The gold standard of unsupported, off-hand shooting with a hunting rifle is hitting a target the size of a dinner plate (roughly comparable to a whitetail’s vitals) three times in a row in less than a minute from 100 yards.
That sounds pretty easy, and with a bit of practice and good shooting technique it is. But add a pinch of buck fever, or try it when you’re out of breath, and hitting that plate becomes more like trying to hit a dime. The tips on this page will help you prepare.
Jerking the trigger is a major cause of missing. Don’t do it! Train your finger with dry-firing exercises so that the pad of the finger presses straight back until the rifle fires at the optimum instant. This is called “thinking” the trigger off.

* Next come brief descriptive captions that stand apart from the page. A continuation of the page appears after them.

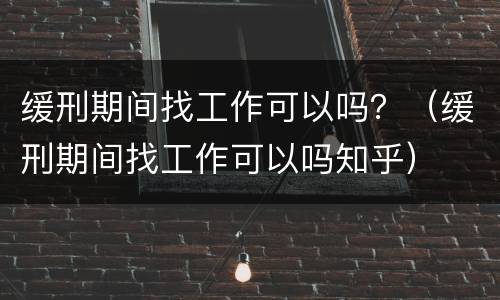 缓刑期间找工作可以吗？（缓刑期间找工作可以吗知乎）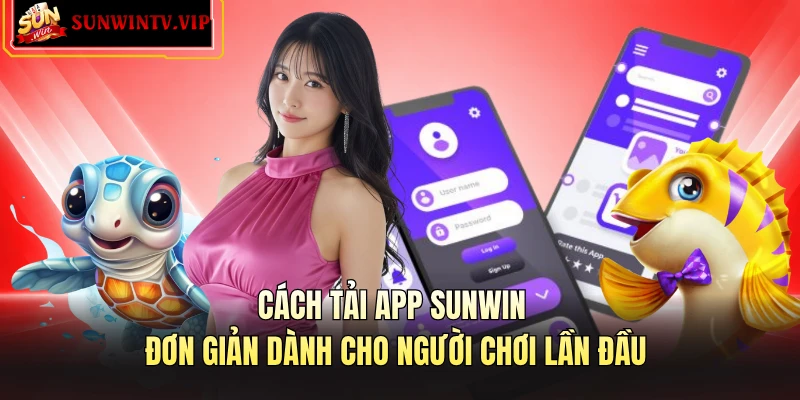 Cách tải app SUNWIN đơn giản dành cho người chơi lần đầu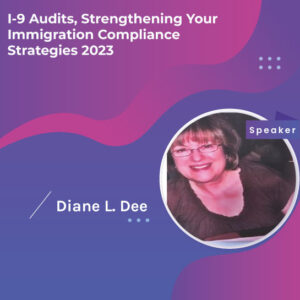 I-9 Audits: Strengthening Your Immigration Compliance Strategies 2023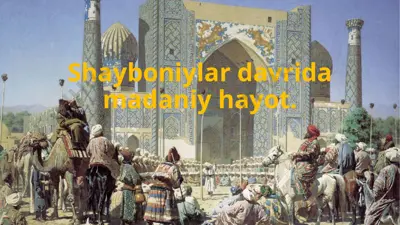 shayboniylar davrida madaniy hayot — PPTX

Hold the rifle firmly for good control but don’t strangle it. The left hand should also hold the rifle firmly, but not so tightly that “death grip tremors” are transferred through the stock. Crook your trigger finger so it touches no part of the rifle except the trigger.
Take a full breath, let it out halfway and then hold the rest. Don’t hold it too long; if necessary, repeat the process until you’re ready to shoot.
Stance Feet should be a comfortable shoulder width apart, with the left leg (for right-handed shooters) forward. Shift your weight slightly toward the forward leg so you’re leaning into the gun. Feet should be at about a 45-degree angle to the target.